EMPLOYERS CANNOT PAY GRATUITY BELOW 25% OF AN EMPLOYEE’S BASIC PAY
Picture this:
You jump into a bus from Lusaka to Ndola. When you reach your destination, the conductor says, “Boss, the fare is K25.” You confidently pull out K12, hand it over and say, “Awe ba conductor, it’s almost the same.”
My friend, before you even return your wallet to your pocket, the conductor will look at you as if you’ve just tried to pay school fees with Monopoly money. Around here, “almost” doesn’t pay the fare.
That, in simple terms, is what this case was about.
A worker spent about 11 years working for the same company. Every time his contract came to an end, he was paid gratuity at 12% of his basic pay. One day he looked at the Employment Code Act and discovered something that made him scratch his head. The law says that where section 73(1) applies, an employee on a qualifying long-term contract is entitled to gratuity of not less than 25% of the basic pay earned during the contract period.
Now pay attention to those words: “not less than.” They are Parliament’s way of saying, “This is the lowest you may go. Anything below it misses the mark.”
The employer maintained that paying 12% was good enough. The High Court was not persuaded. Justice E. L. held that the law sets 25% as the minimum, not as a target to negotiate down whenever the payroll becomes uncomfortable. Since the employee had only been paid 12%, the Court ordered the employer to pay the outstanding difference, together with interest.
But there is another lesson hidden in this judgment. The employer hardly participated in the case, yet the Judge did not simply declare, “Employee wins!” Instead, he reminded everyone of a basic rule of justice: the person who makes a claim must still prove it. In other words, if your opponent fails to show up for the football match, the referee does not automatically hand you the trophy. You still have to put the ball in the back of the net.
WHAT DOES THIS DECISION MEAN FOR ORDINARY ZAMBIANS?

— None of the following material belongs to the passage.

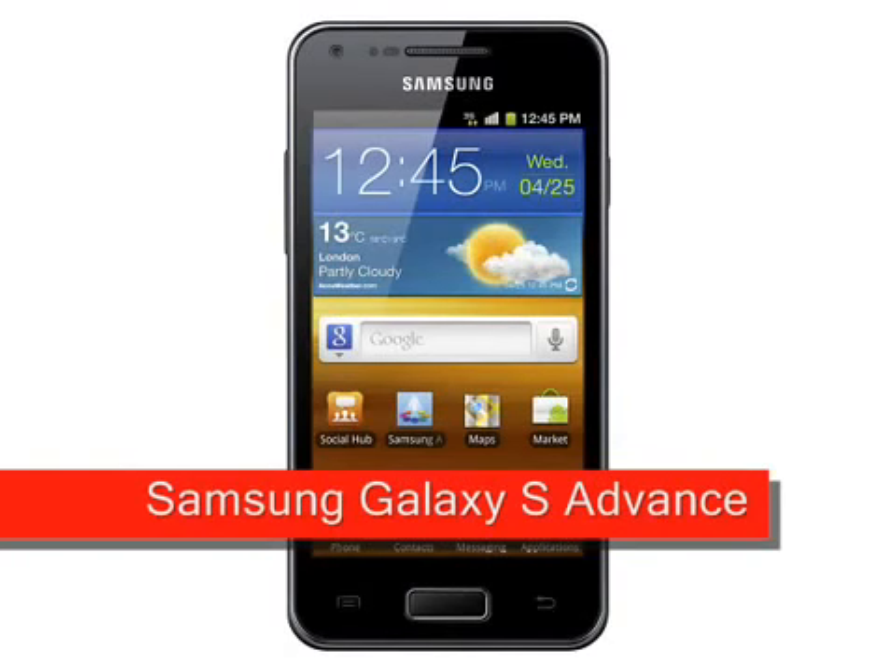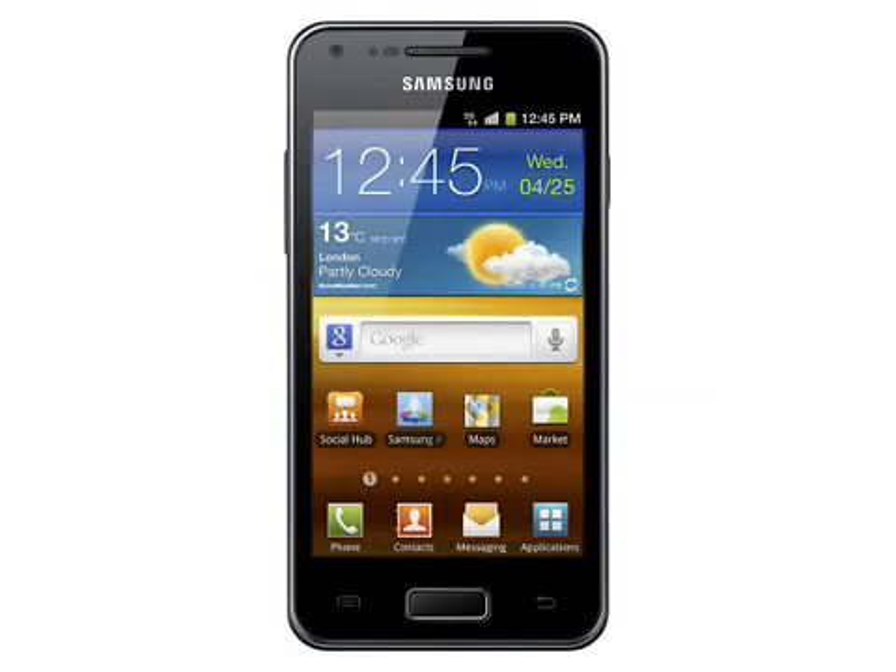Samsung Galaxy S Advance, expected February 2012. While the rumour mill is awash with speculation about the upcoming Samsung Galaxy S3, Samsung have, in the meantime, announced the Samsung Galaxy S Advance.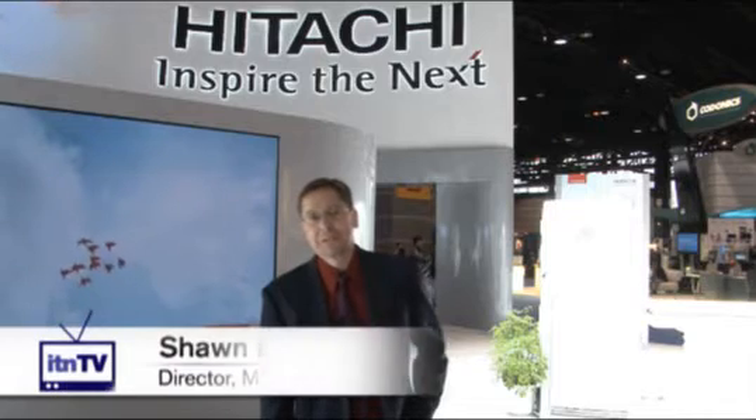Hello, I'm Sean Etheridge with Hitachi Medical Systems. Welcome to RSNA 2010. Our main products that we like to talk about this year are our Oasis boreless high field MR system and our Echelon 1.5T.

It means your rights at work are measured by what the law says, not by company habit, office gossip, or the famous phrase, “that’s how we’ve always done things.” Where the Employment Code Act fixes a minimum benefit, an employer cannot quietly shave it down and hope nobody notices.
The moral of the story?
In Zambia, you can negotiate many things, but you cannot negotiate below the minimum that Parliament has already fixed. When the law says “not less than 25%”, even the best calculator cannot magically turn 12% into compliance.
Disclaimer:
My commentary on this decision is no more a legal critique than a campfire tale is a treatise on thermodynamics. It is, rather, a dramatized retelling, a lively reenactment if you will, of the judicial clash, unburdened by the solemn drudgery of analysis and delivered with the unapologetic zest of a storyteller who knows a good duel when he sees one.